_What is expected_.
The required output is the line that contains "vidaXL TV-Schrank Rosa" through the last line of the data, retyped verbatim and with nothing added.

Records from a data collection
────────

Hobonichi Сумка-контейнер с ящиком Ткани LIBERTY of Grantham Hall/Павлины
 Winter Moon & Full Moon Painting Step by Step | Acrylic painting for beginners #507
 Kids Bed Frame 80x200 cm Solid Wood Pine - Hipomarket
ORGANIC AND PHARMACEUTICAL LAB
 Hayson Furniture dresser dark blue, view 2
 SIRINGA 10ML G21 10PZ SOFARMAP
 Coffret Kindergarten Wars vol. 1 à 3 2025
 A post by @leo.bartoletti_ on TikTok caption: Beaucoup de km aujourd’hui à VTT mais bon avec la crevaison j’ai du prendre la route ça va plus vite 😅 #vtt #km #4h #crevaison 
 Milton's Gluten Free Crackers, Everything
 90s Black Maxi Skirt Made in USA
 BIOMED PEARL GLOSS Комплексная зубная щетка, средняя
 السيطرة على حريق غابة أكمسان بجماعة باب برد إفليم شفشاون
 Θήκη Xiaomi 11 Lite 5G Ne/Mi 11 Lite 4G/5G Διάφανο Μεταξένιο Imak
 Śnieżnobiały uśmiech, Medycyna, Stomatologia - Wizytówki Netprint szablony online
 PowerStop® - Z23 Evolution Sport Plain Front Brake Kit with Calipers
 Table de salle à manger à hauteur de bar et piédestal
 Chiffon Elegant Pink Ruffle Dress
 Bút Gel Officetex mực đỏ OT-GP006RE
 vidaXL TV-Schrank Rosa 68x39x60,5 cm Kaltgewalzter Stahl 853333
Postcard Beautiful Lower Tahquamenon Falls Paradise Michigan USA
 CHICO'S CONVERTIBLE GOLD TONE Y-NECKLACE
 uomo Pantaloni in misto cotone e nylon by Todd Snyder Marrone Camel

────────

_Result_.
 vidaXL TV-Schrank Rosa 68x39x60,5 cm Kaltgewalzter Stahl 853333
Postcard Beautiful Lower Tahquamenon Falls Paradise Michigan USA
 CHICO'S CONVERTIBLE GOLD TONE Y-NECKLACE
 uomo Pantaloni in misto cotone e nylon by Todd Snyder Marrone Camel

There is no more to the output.